ECM turnover is controlled by the complex balance in levels and activity of MMPs and TIMPs. During normal physiological remodeling, MMPs and TIMPs are in tight coordination to maintain optimal vessel wall composition, structure, and function. However, during injury, TIMP expression increases simultaneously with MMPs. Eventually, TIMP expression declines, and MMP remains elevated. Hcy is known to inactivate TIMP, therefore adding to enhanced MMP activity (14). There was an increase in TIMP-3 and -4 expression in WT+Hcy compared with control. This suggests an increased need to inhibit increasing levels of MMP-2. NO is also known to be involved in MMP inhibition (13).
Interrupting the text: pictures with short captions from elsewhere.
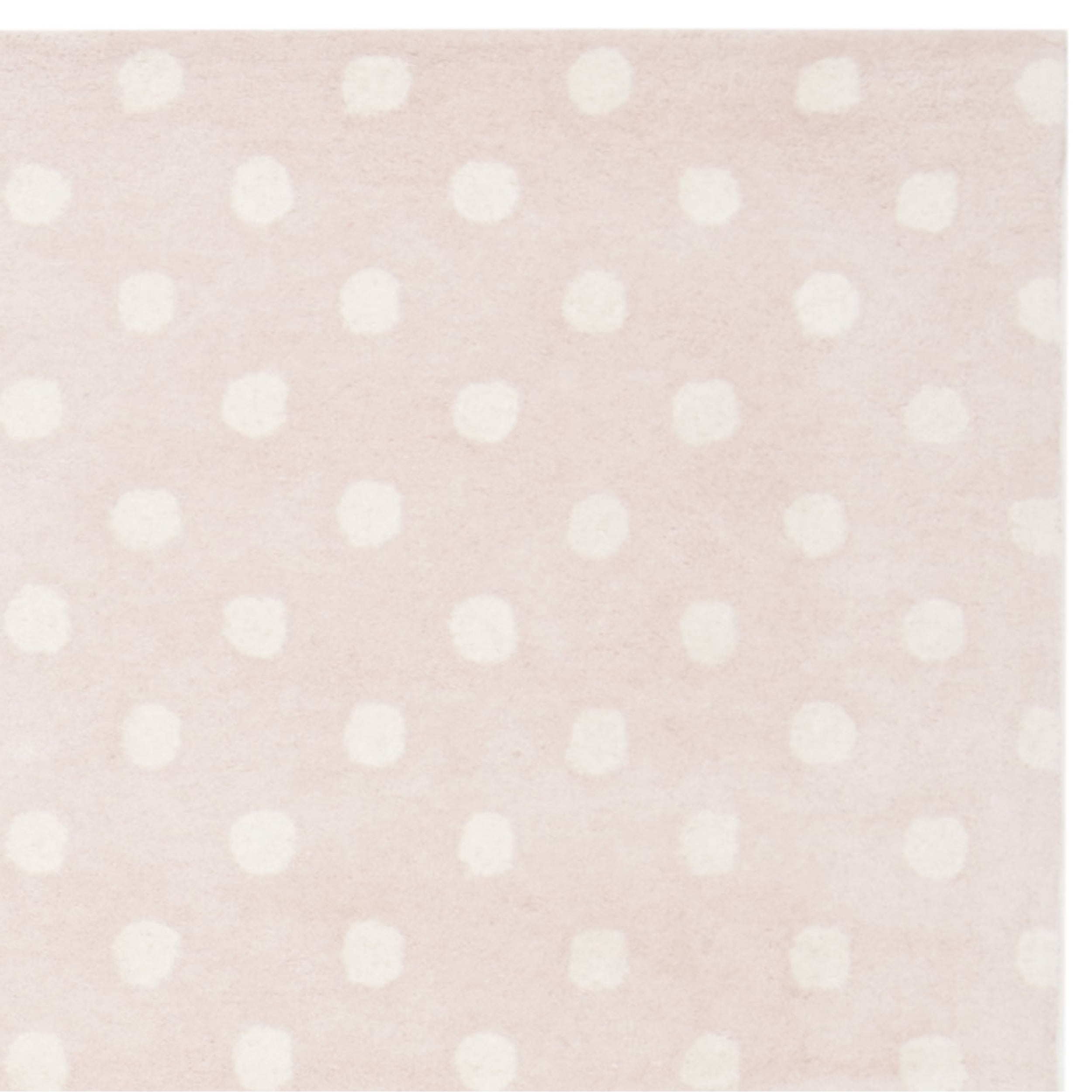 Safavieh Kids Constantine Bunny Area Rug or Runner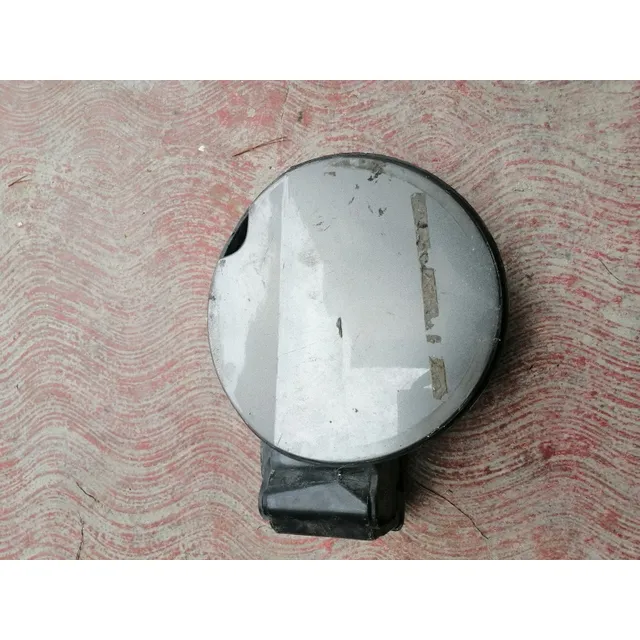 Tapa De Gasolina Peugeot 408 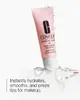 Clinique Moisture Surge Lip Hydro-Plump Treatment 10 ml Photo 2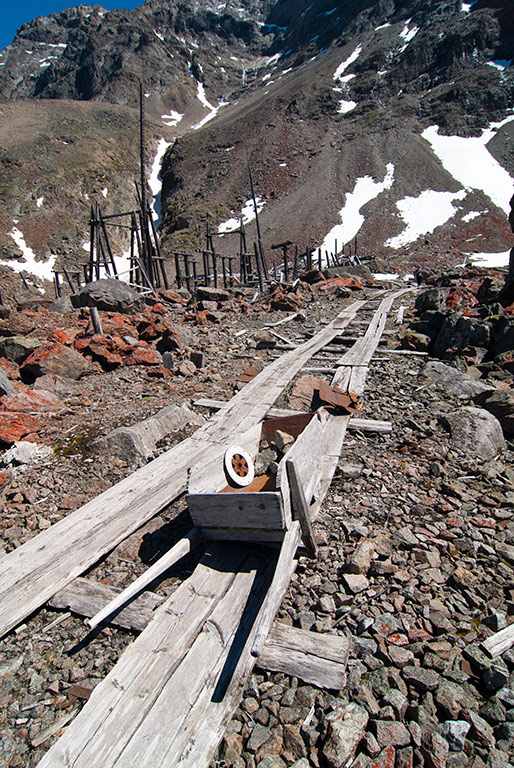 ������ �� ������, �����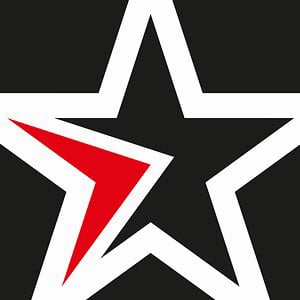 Profile picture for Jobe Watersports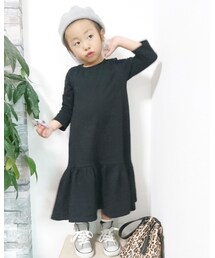 韓国さん | ワンピース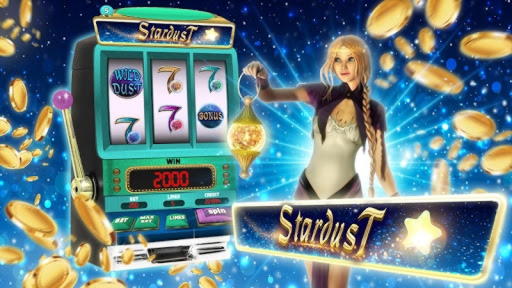 22 Free Casino Spins at LSbet Casino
Under pathological conditions, the inhibitory MMP-TIMP-NO interaction is disrupted, and MMP expression and activity are reduced as TIMP expression is induced (9). The disruption in the MMP-TIMP-NO interaction is partly responsible for adverse ECM accumulation and remodeling in the vessel wall and can result in alterations in vascular function (Fig. 10). These data confirm our hypothesis that Hcy leads to increased MMP activity, decreased TIMP activity, and subsequent morphological alterations. Interestingly, these observations mediated by the differential need of eNOS and iNOS can be both protective and detrimental.

Fig. 10.

Hypothetical presentation of the conclusion. Hcy is generated from methionine. Hcy by autooxidation and by direct activation of MMP, apoptosis, and fibrosis cause elastin degradation and collagen accumulation. This leads to increased aortic wall stress, stiffness, and pulse wave velocity.
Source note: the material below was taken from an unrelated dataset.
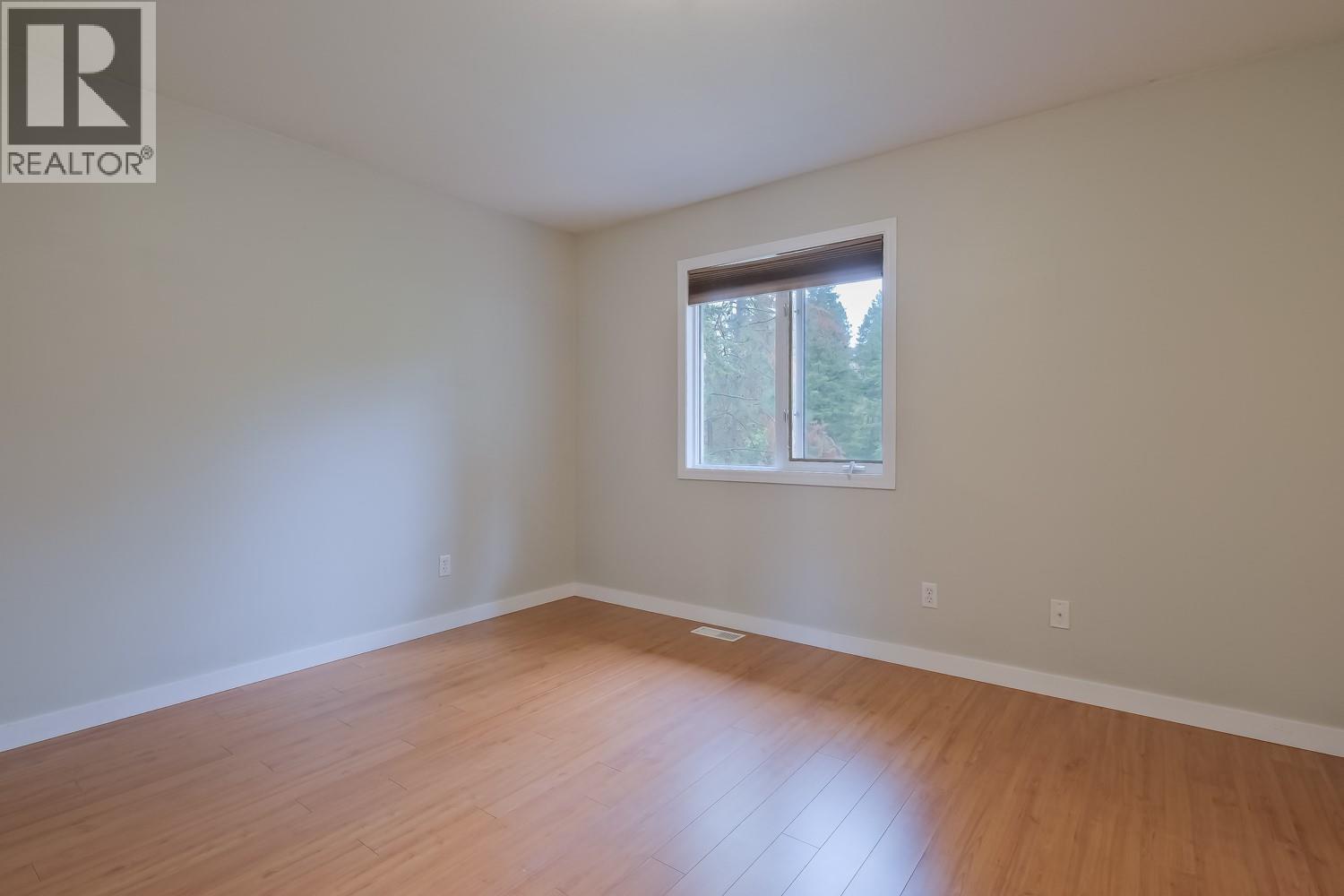  219 Merlin Court, Kelowna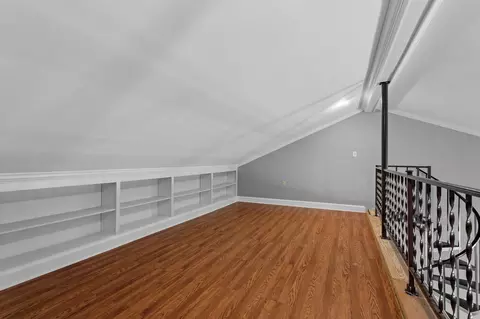 1650 Bloomery Rd, Bailey, NC 27807 photo 33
To determine the implications of iNOS and eNOS in regulating the redox balance and remodeling, we measured ROS generation in control and Hcy-treated animals and found that ROS production was not significantly effected in either of the knockout animals. We also did not observe any significant change in protein nitrosylation or NOX4 induction between WT and knockout Hcy-treated animals. However, we observed changes in SOD1 and thioredoxin expression. Animal studies have demonstrated that HHcy induces remodeling (increased collagen and decreased elastin) of the ECM of the arterial wall by induction of MMPs by several mechanisms in addition to oxidative activation (22). Hcy-mediated redox changes may induce the accumulation of endothelial cells and SMC in the ECM (18). The O₂⁻ mediates the oxidation of those cysteine residues activating latent MMPs and TIMPs (14, 23). Hcy-generated O₂⁻ quenches the coordinated NO-generating ONOO⁻, which exposes the active site and increases the activity of MMPs (13). The Hcy generated ONOO⁻ nitrate tyrosine residues (nitrotyrosine) within MMPs, thus contributing to MMP activation (9).

Limitations.

Collagen is significantly increased in both knockouts following Hcy treatment. If iNOS is responsible for reducing collagen deposition, then the eNOS^−/− animals treated with Hcy should be more similar to WT but are not, as we show a significant increase in collagen deposition. Therefore, it appears that both NOS isoforms are important in regulating collagen deposition. In this case, it may be useful to look at the levels of iNOS in the eNOS^−/− animals both with and without Hcy treatment (and vice versa for the iNOS^−/−); this could reveal whether there was a compensatory increase in the other NOS isoforms in the knockouts. Also, as NO is an important regulator of TIMP activity and nitrosylation and is known to have vasoprotective functions, it is important to measure directly the NO content of the tissue and/or serum in these animals. This would be an important indicator of actual NOX activity and further have implications for TIMP activation/inactivation levels. These studies are in progress.

GRANTS

This work was supported in part by NIH Grants HL-71010 and NS-51568 and an NIH Supplement Award to M. M. Steed as part of a PhD thesis.

DISCLOSURES

No conflicts of interest, financial or otherwise, are declared by the author(s).